Steps towards prevention
The research team ran regular checks on 296 people participating in the Harvard Aging Brain Study, a programme that is investigating the early stages of Alzheimer’s. None of them had signs of cognitive impairment at the beginning of the study. Over a period of up to 14 years, the team periodically assessed the participants — whose ages ranged from 50 to 90 — using cognitive tests and brain scans. Participants were also asked to wear pedometers to measure how many steps they took each day.
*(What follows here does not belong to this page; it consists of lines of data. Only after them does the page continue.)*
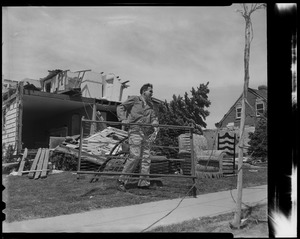 Man holding bed frame with destroyed house in background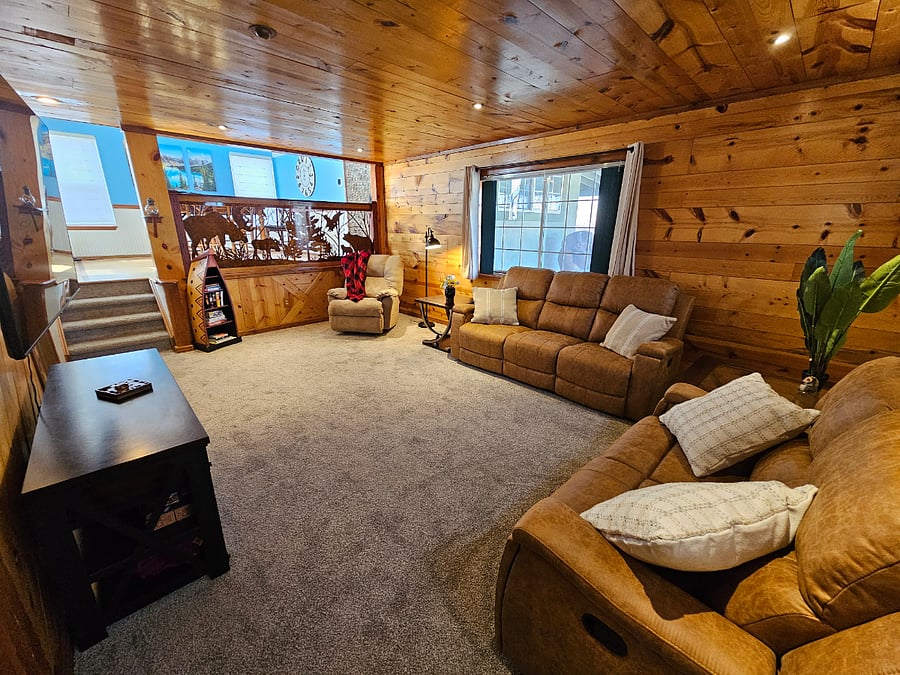 Comfortable reclining chair with bookshelf loaded with books.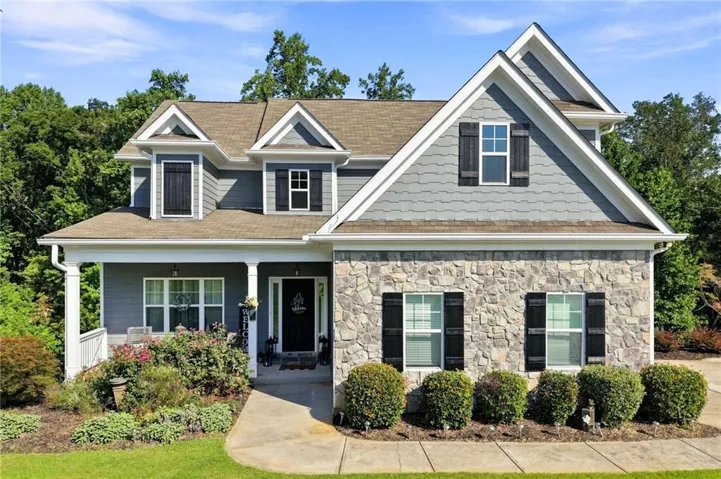 Stone and siding exterior with dark shutters, covered front porch, and dormer windows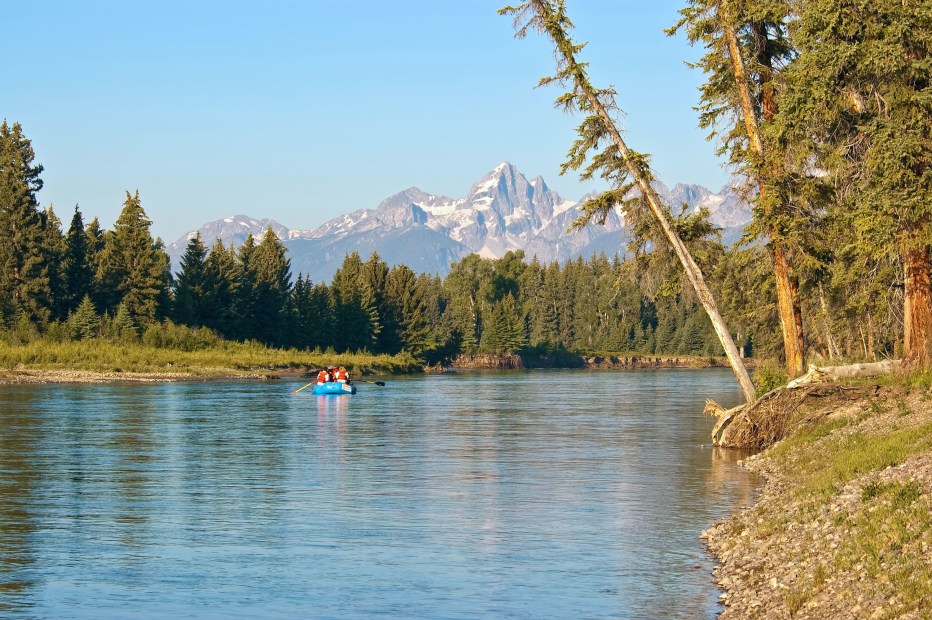 A group floats a raft down the Snake River in the Grand Tetons National Park.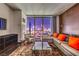 Bright living room featuring comfortable seating, a glass table, and city views at 4381 W Flamingo Rd # 2308, Las Vegas, NV 89103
The brains of people at a higher risk of Alzheimer’s disease usually show an abnormal build-up of two proteins: amyloid-β and tau. Although the relationship between the two proteins is not fully understood, amyloid-β levels begin to increase first, followed by tau levels. Cognitive decline seems to be more closely tied to the accumulation of tau.
The benefits of taking 3,000 to 7,500 steps per day were apparent only for participants with high baseline levels of amyloid-β in their brains. Their mental decline was slowed — by 3 to 7 years — compared with participants who were sedentary. The researchers didn’t see any further slowing of mental decline in participants who took more than 7,500 steps a day.